22 Dec 2023 ~~ By Jonathan Turley
(Excerpt)
January 6, 2021, was many things — and all of them bad. However, it was not an insurrection. I was critical of Trump’s speech to a mob of supporters that day, and I rejected his legal claims to stop the certification of the 2020 presidential election in Congress. However, it was a protest that became a riot, not a rebellion.
Indeed, despite the unrelenting efforts of many in the media and Congress, a
post-January 6 Harvard study found that most of the rioters were motivated by support for Trump or concerns about the election’s fairness, not by a desire to rebel.
~Snip~
There were a number of barriers facing advocates who have tried to stretch this provision to cover the January 6 riot. The four justices had to adopt the most sweeping interpretation possible on every one of those questions in order to support their decision.
The only narrow part of the opinion came with the interpretation of the First Amendment, where the four justices dismissed the free-speech implications of disqualifying presidential candidates based on political position and rhetoric.

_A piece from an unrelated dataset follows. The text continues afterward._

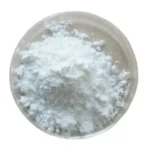 7-AFF PULVER KAUFEN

The result is an opinion that lacks any limiting principles. It places the nation on a slippery slope where red and blue states could now engage in tit-for-tat disqualifications. According to the Colorado Supreme Court, those decisions do not need to be based on the specific comments made by figures like Trump. Instead, it ruled, courts can now include any statements made before or after a speech to establish a “true threat.”
It was inevitable that the Trump-ballot challengers would find four jurists in one state willing to follow something like the Wilde Doctrine. However, it is also important to note that a series of Democratic jurists previously refused to do so in various cases. They did so not out of any affinity to Trump but out of their affinity to the Constitution.
The Colorado Supreme Court has handed down the most anti-democratic opinion in decades. What is particularly galling is that these four justices stripped away the right of millions of voters to choose their preferred candidate in the name of democracy. It is like burning down a house in the name of fire safety.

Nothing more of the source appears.